### Task data
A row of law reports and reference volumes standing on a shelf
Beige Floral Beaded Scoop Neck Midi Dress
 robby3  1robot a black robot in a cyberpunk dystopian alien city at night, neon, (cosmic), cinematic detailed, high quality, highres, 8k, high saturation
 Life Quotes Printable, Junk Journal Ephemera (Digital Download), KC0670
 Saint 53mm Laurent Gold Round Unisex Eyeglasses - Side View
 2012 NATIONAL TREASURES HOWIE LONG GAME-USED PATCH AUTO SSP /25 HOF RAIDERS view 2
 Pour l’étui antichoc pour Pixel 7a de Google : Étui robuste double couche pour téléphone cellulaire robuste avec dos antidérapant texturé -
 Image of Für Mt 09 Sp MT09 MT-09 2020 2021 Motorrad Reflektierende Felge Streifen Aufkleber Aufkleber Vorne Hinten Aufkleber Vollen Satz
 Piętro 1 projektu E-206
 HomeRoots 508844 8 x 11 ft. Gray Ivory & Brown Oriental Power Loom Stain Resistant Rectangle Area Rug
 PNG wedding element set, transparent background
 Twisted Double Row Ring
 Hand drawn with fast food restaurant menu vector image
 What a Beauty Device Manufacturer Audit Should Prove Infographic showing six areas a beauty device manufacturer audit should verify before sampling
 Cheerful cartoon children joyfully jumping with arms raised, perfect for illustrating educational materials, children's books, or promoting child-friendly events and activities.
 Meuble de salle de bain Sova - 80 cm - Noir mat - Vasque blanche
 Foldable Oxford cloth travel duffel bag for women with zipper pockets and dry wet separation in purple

### Task directions
Write the material above out again, exactly as it reads.

### Answer space
A row of law reports and reference volumes standing on a shelf
Beige Floral Beaded Scoop Neck Midi Dress
 robby3  1robot a black robot in a cyberpunk dystopian alien city at night, neon, (cosmic), cinematic detailed, high quality, highres, 8k, high saturation
 Life Quotes Printable, Junk Journal Ephemera (Digital Download), KC0670
 Saint 53mm Laurent Gold Round Unisex Eyeglasses - Side View
 2012 NATIONAL TREASURES HOWIE LONG GAME-USED PATCH AUTO SSP /25 HOF RAIDERS view 2
 Pour l’étui antichoc pour Pixel 7a de Google : Étui robuste double couche pour téléphone cellulaire robuste avec dos antidérapant texturé -
 Image of Für Mt 09 Sp MT09 MT-09 2020 2021 Motorrad Reflektierende Felge Streifen Aufkleber Aufkleber Vorne Hinten Aufkleber Vollen Satz
 Piętro 1 projektu E-206
 HomeRoots 508844 8 x 11 ft. Gray Ivory & Brown Oriental Power Loom Stain Resistant Rectangle Area Rug
 PNG wedding element set, transparent background
 Twisted Double Row Ring
 Hand drawn with fast food restaurant menu vector image
 What a Beauty Device Manufacturer Audit Should Prove Infographic showing six areas a beauty device manufacturer audit should verify before sampling
 Cheerful cartoon children joyfully jumping with arms raised, perfect for illustrating educational materials, children's books, or promoting child-friendly events and activities.
 Meuble de salle de bain Sova - 80 cm - Noir mat - Vasque blanche
 Foldable Oxford cloth travel duffel bag for women with zipper pockets and dry wet separation in purple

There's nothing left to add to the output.